Issue: WON the Philippine Overseas Employment Administration (or the Secretary of Labor) validly
issue warrants of search and seizure (or arrest) under Article 38 of the Labor Code

Held:

No. Under the new Constitution, it states that. . . no search warrant or warrant of arrest shall issue
except upon probable cause to be determined personally by the judge after examination under oath
or affirmation of the complainant and the witnesses he may produce, and particularly describing
the place to be searched and the persons or things to be seized. It is only a judge who may issue
warrants of search and arrest.

Section 38, paragraph (c), of the Labor Code, as now written, was entered as an amendment by
Presidential Decrees Nos. 1920 and 2018 of the late President Ferdinand Marcos, to Presidential
Decree No. 1693, in the exercise of his legislative powers under Amendment No. 6 of the 1973
Constitution. Under the latter, the then Minister of Labor merely exercised recommendatory
powers: prLL

(c) The Minister of Labor or his duly authorized representative shall have the power to
recommend the arrest and detention of any person engaged in illegal recruitment. 6

On May 1, 1984, Mr. Marcos promulgated Presidential Decree No. 1920, with the avowed purpose of
giving more teeth to the campaign against illegal recruitment. The Decree gave the Minister of
Labor arrest and closure powers:

(b) The Minister of Labor and Employment shall have the power to cause the arrest and
detention of such non-licensee or non-holder of authority if after proper investigation it is
determined that his activities constitute a danger to national security and public order or will
lead to further exploitation of job-seekers.

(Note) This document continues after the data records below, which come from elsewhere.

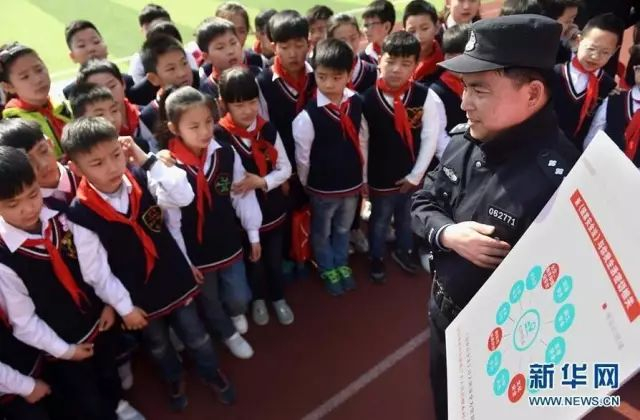 合肥公安局瑶海分局民警为瑶海区少儿艺术学校的学生讲解《国家安全法》相关知识。图源：新华网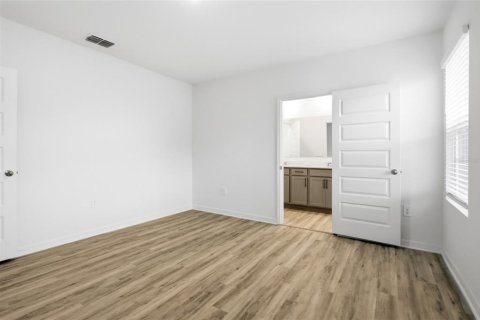 House in Davenport, Florida 4 bedrooms, 154.68 sq.m. № 2237711 - photo 12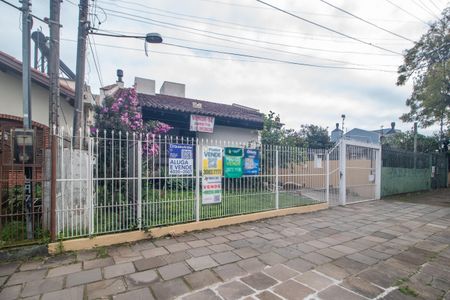 Casa à venda com 260m², 3 quartos e 3 vagas Casa à venda com 260m², 3 quartos e 3 vagasPlaca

The Minister shall order the closure of companies,
establishment and entities found to be engaged in the recruitment of workers for overseas
employment, without having been licensed or authorized to do so. 7

On January 26, 1986, he, Mr. Marcos, promulgated Presidential Decree No. 2018, giving the Labor
Minister search and seizure powers as well:

(c) The Minister of Labor and Employment or his duly authorized representatives shall have
the power to cause the arrest and detention of such non-licensee or non-holder of authority
if after investigation it is determined that his activities constitute a danger to national
security and public order or will lead to further exploitation of job-seekers. The Minister shall
order the search of the office or premises and seizure of documents, paraphernalia,
properties and other implements used in illegal recruitment activities and the closure of
companies, establishment and entities found to be engaged in the recruitment of workers for
overseas employment, without having been licensed or authorized to do so. 8

The above has now been etched as Article 38, paragraph (c) of the Labor Code.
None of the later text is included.